- Born: 27 January 1810 Surat, India
- Died: 1 September 1862 (aged 52) Bishopwearmouth, England
- Occupation: Surgeon

= Reginald Orton =

British surgeon

Reginald Orton (27 January 1810 – 1 September 1862) was a British surgeon.

==Biography==
Orton was born at Surat, near Bombay, on 27 January 1810. He was the only son of James Orton, surgeon in the East India Company's service and inspector-general of Bombay hospitals, whose father, Reginald Orton, was rector of Hawksworth, near Richmond, Yorkshire. Reginald was educated at the grammar school, Richmond, under James Tate. He afterwards returned to Bombay, where he was bound apprentice to his father. He returned to England on the completion of his apprenticeship, entered at St. Thomas's Hospital as a medical student, and was admitted a member of the Royal College of Surgeons of England in 1833, and a licentiate of the Society of Apothecaries in the following year.

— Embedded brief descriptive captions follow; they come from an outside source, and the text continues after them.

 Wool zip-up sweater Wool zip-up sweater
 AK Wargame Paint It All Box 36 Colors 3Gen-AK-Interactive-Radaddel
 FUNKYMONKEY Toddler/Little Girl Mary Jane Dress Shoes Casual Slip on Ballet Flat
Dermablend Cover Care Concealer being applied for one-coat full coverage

In 1834 he took charge of Mr. Fothergill's practice in Sunderland, purchased it, and in the same year married. He lived in Sunderland until shortly before his death, when he took a farm at Bishopwearmouth. He was surgeon to the Sunderland Eye Infirmary and consulting surgeon to the Seaham Infirmary.

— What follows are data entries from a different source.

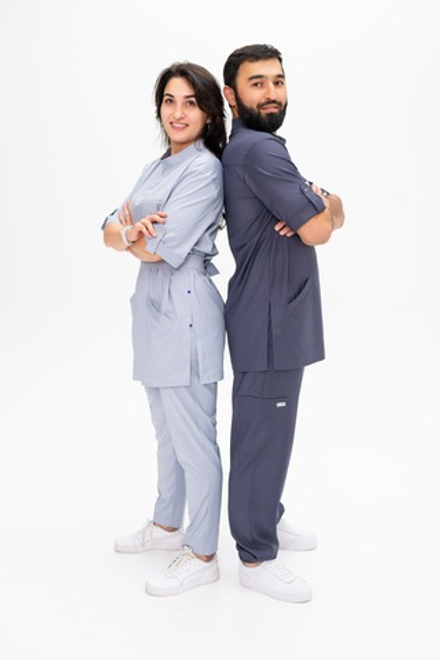 Костюм мужской (Рубашка-туника Гриф Найт и Джоггеры)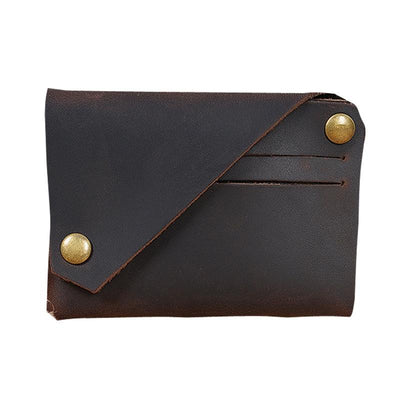 Leather Card Holder For Bank Cards Black - Purple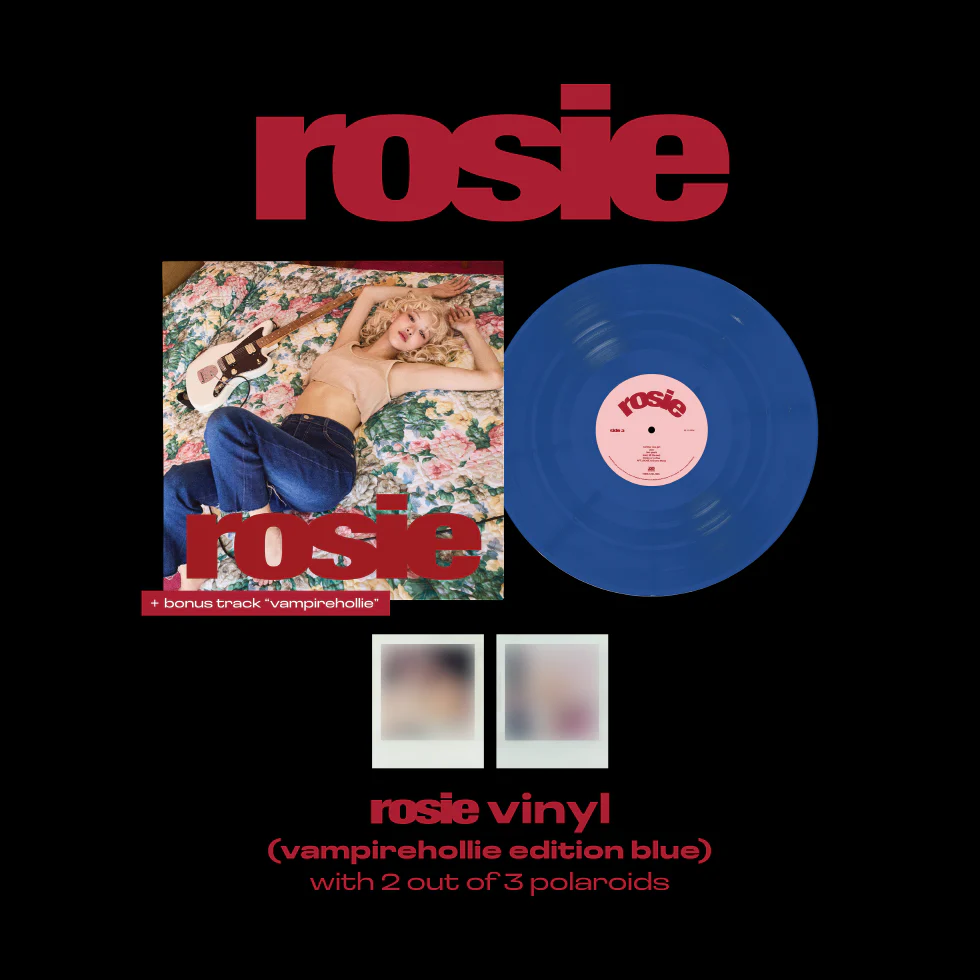 ROSE - FIRST STUDIO ALBUM [ROSIE] VINYL (VAMPIREHOLLIE EDITION BLUE) - Image 2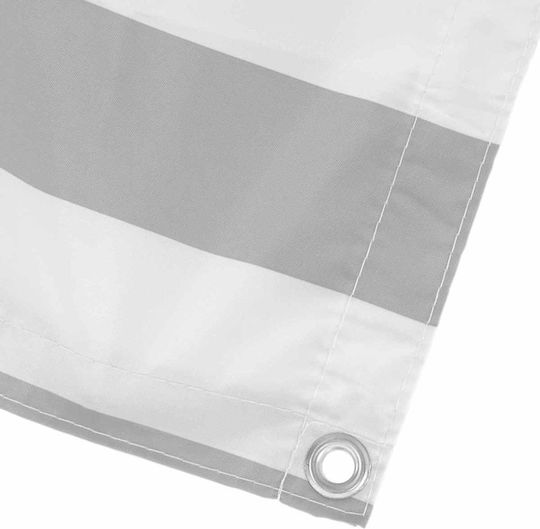 vidaXL Rechteckiger Schattengewebe Trennwand Grau 1x3m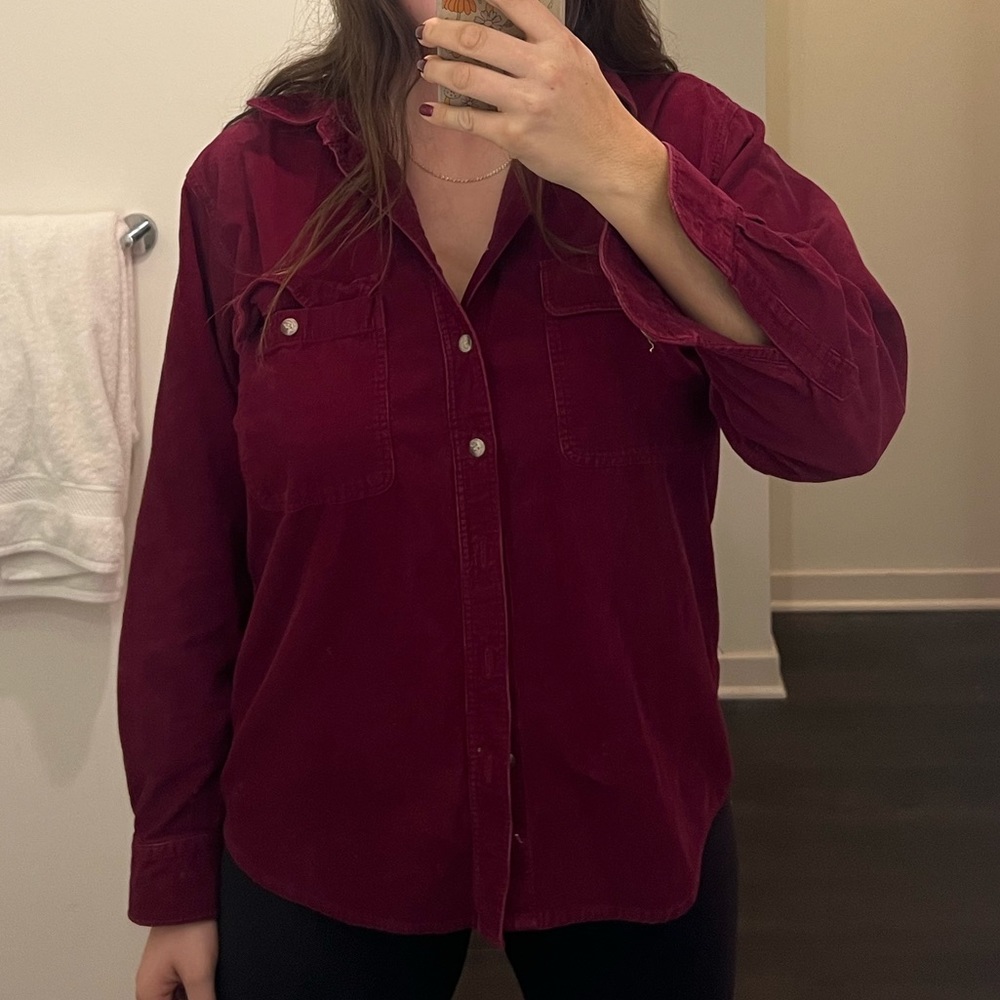 Burgundy corduroy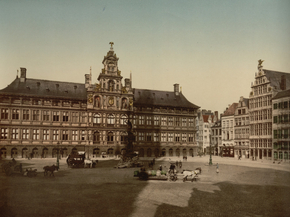 Grande Place with town hall, Antwerp, Belgium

Orton, although only locally conspicuous in his lifetime, brought about, by his energy, changes which affected the whole empire. Throughout his life he was a busy medical practitioner and an active reformer. Sunderland owes to his initiative its system of lighting by gas, its water-supply, its public baths, its library, and its institute. But his services were not confined to Sunderland. It was owing to his repeated protests, and to the public attention which he drew to the iniquity of taxing light and air, that the chancellor of the exchequer was at last obliged to repeal the duty which for many years had been levied upon glass and windows. Orton suggested to the government that, if light was still to be taxed, the duty should be regulated by the size of the panes, and not by the number of windows, as had hitherto been done; so that the wealthy and those who could afford large sheets of plateglass should pay more than their poorer neighbours. He also advocated the imposition of a moderate house duty, commencing at a certain rental, to make good the loss of revenue, if it was found that the duty could be entirely abolished. The latter scheme was eventually adopted. Orton also took a lively interest in maritime affairs, and turned his attention to the means and appliances for saving life at sea. He projected a new form of reel lifebuoy, and invented a lifeboat which was light, low in the water, open so that the sea passed through it (the crew being encased in waterproof bags), and practically incapable of being capsized; for these he took out a patent in 1845 (No. 10898). The boat was used on one or two occasions. Orton died on 1 September 1862 at Ford North Farm, Bishopwearmouth. He is buried in the cemetery of that town. He wrote no book; the ‘Essay on the Epidemic Cholera of India,’ London, 1831, 8vo, is by his uncle of the same name as himself.